This review is also up at Channel 24
What it's about
After losing both her fiancée and her dream job in the same day, TV reporter Meghan (Elizabeth Banks) enjoys a rare wild night out with her girlfriends that culminates in a drunken one-night-stand with a poor bartender (James Marsden), Gordon. As it so happens though, her dream job isn't quite the lost cause that she assumed it to be, as a late night missed-call from her agent informs her of a second chance to impress her potential new bosses with her next broadcast – and with eight hours lead-time, it should give her plenty of time to prepare. Unfortunately, after getting locked out of Gordon's apartment with no money, no car, no phone and no idea where on earth she is, those eight hours suddenly start looking like no time at all.
What we thought
Walk of Shame has gotten a right kicking by overseas critics (scoring a paltry 25/100 on Metacritic.com) and a decidedly tepid reaction by ordinary cinema goers (it's a box office bomb even taking into account its limited release), but, as it so happens, it's far from the trainwreck that most critics paint it to be. Obviously, it's no masterpiece as it is, frankly, an immensely stupid piece of comic fluff but – and this is crucial – it's also effortlessly entertaining and pretty consistently funny.
It's simply ridiculous that Walk of Shame has crashed and burned, while a truly hateful piece of crap like That's My Boy – by my reckoning, the absolute nadir of Adam Sandler's film career - somehow managed to score six more points than Walk of Shame on Metacritic and made a big fat profit while doing so. Now, no one is going to confuse Walk of Shame for The Naked Gun, The Big Lebowski or Monty Python's Life of Brian, but for a dumbo Hollywood comedy, it easily annihilates most of its competition.
Its major coup de grace, of course, is Elizabeth Banks in the lead role. Banks is an effortlessly likeable screen presence who also happens to be really, really funny. She is supported by a dozen-odd great supporting characters, including similarly likeable and funny people like Community's Gillian Jacobs and a puppy-doggish James Marsden but this is Banks' movie all the way, from first frame to last. The character she plays could so easily have been an annoying, neurotic pain in the ass but Banks ensures that you are always on her side and always laughing with her, rather than at her.
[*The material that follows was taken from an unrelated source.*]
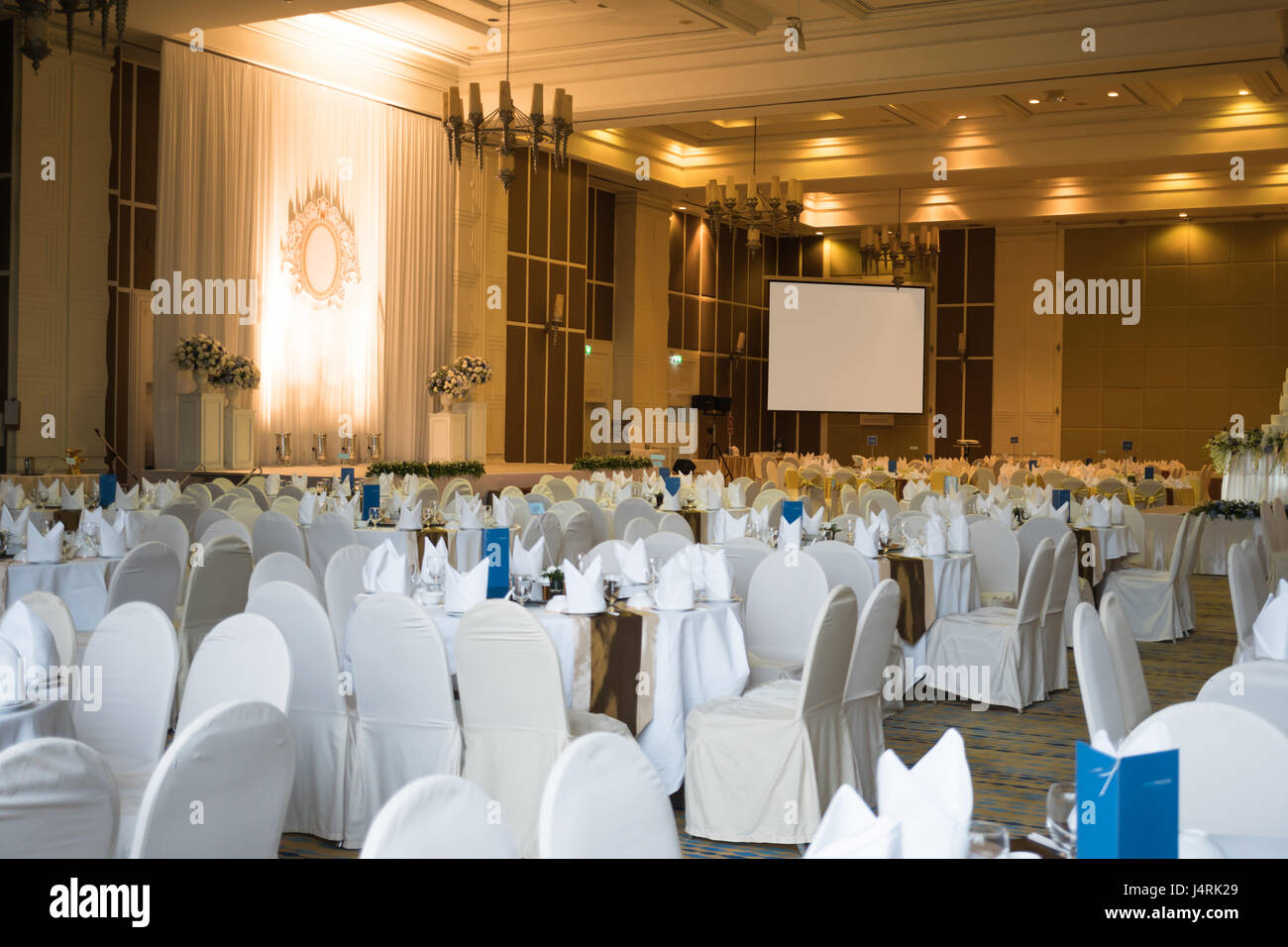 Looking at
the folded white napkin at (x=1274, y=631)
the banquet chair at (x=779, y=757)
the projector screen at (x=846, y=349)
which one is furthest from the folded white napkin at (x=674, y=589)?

There's also a sense that Banks and the other impressive comedic actors in the film elevate much of the material because, though writer/ director Steven Brill (Little Nicky, Mr Deeds) has delivered what is easily the best comedy of his career, nothing about the script or direction stand out particularly. Of course, considering just how rotten a track record he has, the fact that his filmmaking here is simply unexceptional is a huge step up for Brill.
Still, stupid is as stupid does and there's no way that even the (allegedly) upcoming Dumb and Dumber sequel will be even half as unabashedly moronic as Walk of Shame. It's not moronic in a way that most Adam Sandler movies are moronic, as it's laughable, rather than slappable but if you've spent your life looking for the world's most inane and badly thought out scripts, you may just have hit the jackpot. Again, it's not offensively stupid at all but when you're not laughing with Meghan and her assorted crew of skanks, weirdos, idiots and puppy-men, you will spend much the movie laughing at just how stupid every single turn of event is and how Brill has somehow found a way to have his characters act in the least believable ways imaginable.
But, really, since when did affably dumb, raucous, good-natured and funny become descriptors for bad comedy? Sure, witty and smart is always preferable to dopey and stupid but if you're going for the latter, rather than the former then you could do a whole lot worse than Walk of Shame. You could, for example, watch The Other Woman. Now THAT would be a bad idea.